## WHAT YOU WILL DO
Every record that follows should be written out again without any change.
WORKING DATA below:
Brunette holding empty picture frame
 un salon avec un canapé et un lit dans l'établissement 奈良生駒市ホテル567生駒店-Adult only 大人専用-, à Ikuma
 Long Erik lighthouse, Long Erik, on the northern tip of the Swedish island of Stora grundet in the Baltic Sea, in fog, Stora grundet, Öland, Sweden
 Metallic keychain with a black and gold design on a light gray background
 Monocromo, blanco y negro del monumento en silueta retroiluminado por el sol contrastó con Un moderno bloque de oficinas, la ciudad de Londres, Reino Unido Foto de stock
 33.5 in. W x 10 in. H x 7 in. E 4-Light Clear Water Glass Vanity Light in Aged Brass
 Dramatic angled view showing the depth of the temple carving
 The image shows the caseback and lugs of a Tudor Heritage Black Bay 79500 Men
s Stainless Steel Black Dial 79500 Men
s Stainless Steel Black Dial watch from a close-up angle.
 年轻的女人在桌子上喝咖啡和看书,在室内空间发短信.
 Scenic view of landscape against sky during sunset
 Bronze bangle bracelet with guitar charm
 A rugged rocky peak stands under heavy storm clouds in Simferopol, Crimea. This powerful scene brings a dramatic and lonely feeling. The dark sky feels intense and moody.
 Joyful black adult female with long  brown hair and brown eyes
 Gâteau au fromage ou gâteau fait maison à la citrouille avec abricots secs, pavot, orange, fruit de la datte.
End of WORKING DATA.
## RESPONSE AREA
Brunette holding empty picture frame
 un salon avec un canapé et un lit dans l'établissement 奈良生駒市ホテル567生駒店-Adult only 大人専用-, à Ikuma
 Long Erik lighthouse, Long Erik, on the northern tip of the Swedish island of Stora grundet in the Baltic Sea, in fog, Stora grundet, Öland, Sweden
 Metallic keychain with a black and gold design on a light gray background
 Monocromo, blanco y negro del monumento en silueta retroiluminado por el sol contrastó con Un moderno bloque de oficinas, la ciudad de Londres, Reino Unido Foto de stock
 33.5 in. W x 10 in. H x 7 in. E 4-Light Clear Water Glass Vanity Light in Aged Brass
 Dramatic angled view showing the depth of the temple carving
 The image shows the caseback and lugs of a Tudor Heritage Black Bay 79500 Men
s Stainless Steel Black Dial 79500 Men
s Stainless Steel Black Dial watch from a close-up angle.
 年轻的女人在桌子上喝咖啡和看书,在室内空间发短信.
 Scenic view of landscape against sky during sunset
 Bronze bangle bracelet with guitar charm
 A rugged rocky peak stands under heavy storm clouds in Simferopol, Crimea. This powerful scene brings a dramatic and lonely feeling. The dark sky feels intense and moody.
 Joyful black adult female with long  brown hair and brown eyes
 Gâteau au fromage ou gâteau fait maison à la citrouille avec abricots secs, pavot, orange, fruit de la datte.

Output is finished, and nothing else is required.